Clinton and Thomas were at the school between 1969-74, according to their individual biographies.
Thomas is one of the majority of six conservative justices who voted last week to overturn 1973’s Roe v. Wade decision that made abortion legal nationwide.
In the Dobbs v. Jackson Women’s Health case decided last week, the court overturned the decision and sent the issue back to the states to decide.
In his separate concurrent opinion, Thomas said the court should revisit certain cases decided on the 14th Amendment’s due process clause because they were "demonstrably erroneous."
"Nothing in the court's opinion should be understood to cast doubt on precedents that do not concern abortion," Thomas wrote. "For that reason, in future cases, we should reconsider all of this court's substantive due process precedents, including Griswold [right of married people to obtain contraception], Lawrence [right to engage in consensual sexual acts], and Obergefell [right to same-sex marriage]."
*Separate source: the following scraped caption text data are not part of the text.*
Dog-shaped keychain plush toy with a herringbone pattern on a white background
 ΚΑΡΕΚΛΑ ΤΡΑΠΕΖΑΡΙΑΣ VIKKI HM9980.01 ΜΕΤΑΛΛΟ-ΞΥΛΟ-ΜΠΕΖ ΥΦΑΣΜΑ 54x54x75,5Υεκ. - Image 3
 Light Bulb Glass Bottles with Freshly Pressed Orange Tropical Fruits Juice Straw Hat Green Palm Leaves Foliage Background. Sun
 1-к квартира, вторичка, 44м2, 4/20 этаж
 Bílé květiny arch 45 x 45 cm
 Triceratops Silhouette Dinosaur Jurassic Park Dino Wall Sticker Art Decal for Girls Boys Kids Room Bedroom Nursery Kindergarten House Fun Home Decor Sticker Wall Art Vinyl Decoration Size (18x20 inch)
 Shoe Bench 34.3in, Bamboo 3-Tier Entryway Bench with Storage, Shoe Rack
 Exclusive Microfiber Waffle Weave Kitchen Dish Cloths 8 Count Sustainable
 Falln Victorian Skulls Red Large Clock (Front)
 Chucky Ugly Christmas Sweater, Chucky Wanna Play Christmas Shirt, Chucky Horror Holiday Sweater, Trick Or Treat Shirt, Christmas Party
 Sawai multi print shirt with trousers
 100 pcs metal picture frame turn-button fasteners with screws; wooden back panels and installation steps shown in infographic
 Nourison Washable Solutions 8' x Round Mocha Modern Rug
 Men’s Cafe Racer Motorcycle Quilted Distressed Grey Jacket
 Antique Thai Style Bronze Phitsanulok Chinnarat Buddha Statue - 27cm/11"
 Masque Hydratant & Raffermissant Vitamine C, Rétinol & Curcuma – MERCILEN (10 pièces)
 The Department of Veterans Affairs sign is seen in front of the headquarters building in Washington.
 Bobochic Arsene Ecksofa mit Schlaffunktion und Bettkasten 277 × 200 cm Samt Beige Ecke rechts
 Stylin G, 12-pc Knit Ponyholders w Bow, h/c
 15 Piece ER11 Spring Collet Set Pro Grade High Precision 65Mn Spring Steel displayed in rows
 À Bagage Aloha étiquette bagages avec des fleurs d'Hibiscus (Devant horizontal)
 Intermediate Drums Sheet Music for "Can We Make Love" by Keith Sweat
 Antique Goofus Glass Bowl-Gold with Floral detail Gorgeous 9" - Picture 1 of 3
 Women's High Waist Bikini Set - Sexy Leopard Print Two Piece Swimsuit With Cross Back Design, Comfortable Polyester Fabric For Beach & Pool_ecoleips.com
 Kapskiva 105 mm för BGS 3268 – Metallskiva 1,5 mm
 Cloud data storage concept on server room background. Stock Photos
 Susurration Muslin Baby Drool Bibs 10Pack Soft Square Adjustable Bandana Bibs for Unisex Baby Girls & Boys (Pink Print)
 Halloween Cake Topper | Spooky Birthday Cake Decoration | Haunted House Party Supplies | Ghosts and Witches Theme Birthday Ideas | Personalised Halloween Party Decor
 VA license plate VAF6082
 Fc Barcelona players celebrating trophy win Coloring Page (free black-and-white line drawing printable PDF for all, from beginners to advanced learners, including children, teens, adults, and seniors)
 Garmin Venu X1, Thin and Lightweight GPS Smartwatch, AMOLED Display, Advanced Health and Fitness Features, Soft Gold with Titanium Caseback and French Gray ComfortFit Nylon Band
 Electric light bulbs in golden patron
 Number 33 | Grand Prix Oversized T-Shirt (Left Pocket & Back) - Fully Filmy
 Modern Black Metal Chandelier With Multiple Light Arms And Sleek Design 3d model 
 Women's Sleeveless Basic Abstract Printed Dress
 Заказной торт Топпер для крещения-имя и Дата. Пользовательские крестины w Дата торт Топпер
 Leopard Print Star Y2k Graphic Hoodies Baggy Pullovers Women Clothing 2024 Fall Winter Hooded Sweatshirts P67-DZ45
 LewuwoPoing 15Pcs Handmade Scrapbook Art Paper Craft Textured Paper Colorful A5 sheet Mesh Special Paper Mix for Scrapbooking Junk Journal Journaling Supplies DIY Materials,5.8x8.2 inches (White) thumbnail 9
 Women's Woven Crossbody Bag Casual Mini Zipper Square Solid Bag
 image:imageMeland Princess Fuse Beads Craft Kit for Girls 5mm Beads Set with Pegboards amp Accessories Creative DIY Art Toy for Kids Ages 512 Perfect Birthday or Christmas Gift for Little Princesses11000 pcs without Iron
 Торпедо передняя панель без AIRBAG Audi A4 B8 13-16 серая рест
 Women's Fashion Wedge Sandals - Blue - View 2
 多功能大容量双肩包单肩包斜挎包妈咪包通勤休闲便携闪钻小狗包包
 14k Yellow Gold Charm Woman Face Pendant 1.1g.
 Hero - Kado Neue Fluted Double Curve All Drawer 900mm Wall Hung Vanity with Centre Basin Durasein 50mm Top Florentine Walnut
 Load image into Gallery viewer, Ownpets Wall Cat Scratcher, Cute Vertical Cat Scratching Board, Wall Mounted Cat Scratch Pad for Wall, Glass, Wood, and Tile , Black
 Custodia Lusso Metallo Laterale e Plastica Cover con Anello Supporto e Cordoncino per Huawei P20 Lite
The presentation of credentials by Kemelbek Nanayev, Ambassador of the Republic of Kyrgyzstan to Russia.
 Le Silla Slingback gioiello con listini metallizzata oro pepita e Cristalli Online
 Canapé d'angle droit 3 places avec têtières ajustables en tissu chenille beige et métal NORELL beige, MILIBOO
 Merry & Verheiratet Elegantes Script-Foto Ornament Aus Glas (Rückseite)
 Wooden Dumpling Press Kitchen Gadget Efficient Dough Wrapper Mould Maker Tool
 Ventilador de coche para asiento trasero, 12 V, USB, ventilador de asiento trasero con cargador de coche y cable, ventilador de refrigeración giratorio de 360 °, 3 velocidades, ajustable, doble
Clinton said that this part of his concurrent opinion was "signaling" for lower courts and conservative states to bring a case regarding these previous rulings back in front of the court to be overruled.
"The people he is speaking to, which are the right-wing, very conservative judges, and justices, and state legislatures," Clinton said. "There's so many things about it that are deeply distressing, but women are going to die, women will die."
Thomas, who just turned 74, was appointed to the supreme court by President George H.W. Bush, taking his seat on Oct. 23, 1991, after contentious confirmation hearings in the U.S. Senate.
Clinton lost to former Republican President Donald Trump in 2016, who went on to appoint three conservative justices top the high court that he said would overturn the Roe decision.